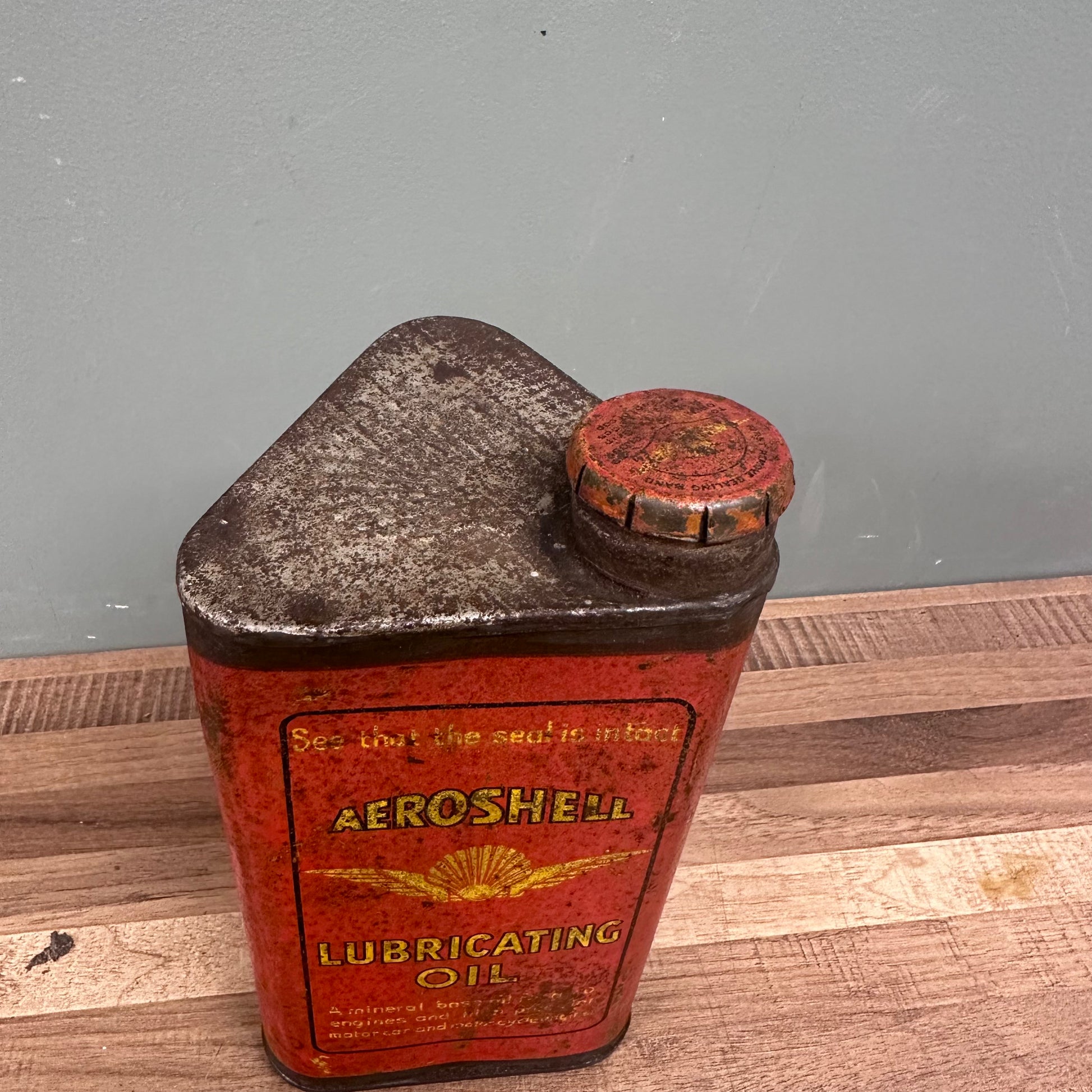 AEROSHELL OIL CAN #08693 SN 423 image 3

============================================================

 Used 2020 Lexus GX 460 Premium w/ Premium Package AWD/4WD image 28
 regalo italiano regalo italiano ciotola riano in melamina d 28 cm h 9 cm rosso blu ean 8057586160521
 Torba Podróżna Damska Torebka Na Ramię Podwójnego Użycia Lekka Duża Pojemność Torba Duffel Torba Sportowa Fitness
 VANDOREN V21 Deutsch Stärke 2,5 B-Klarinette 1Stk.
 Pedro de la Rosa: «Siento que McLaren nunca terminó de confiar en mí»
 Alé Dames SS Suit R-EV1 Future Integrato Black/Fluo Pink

============================================================

Look above for the line with "regalo italiano regalo" and the line with "Alé Dames SS", and reproduce exactly those two lines plus every line between, nothing more.

 regalo italiano regalo italiano ciotola riano in melamina d 28 cm h 9 cm rosso blu ean 8057586160521
 Torba Podróżna Damska Torebka Na Ramię Podwójnego Użycia Lekka Duża Pojemność Torba Duffel Torba Sportowa Fitness
 VANDOREN V21 Deutsch Stärke 2,5 B-Klarinette 1Stk.
 Pedro de la Rosa: «Siento que McLaren nunca terminó de confiar en mí»
 Alé Dames SS Suit R-EV1 Future Integrato Black/Fluo Pink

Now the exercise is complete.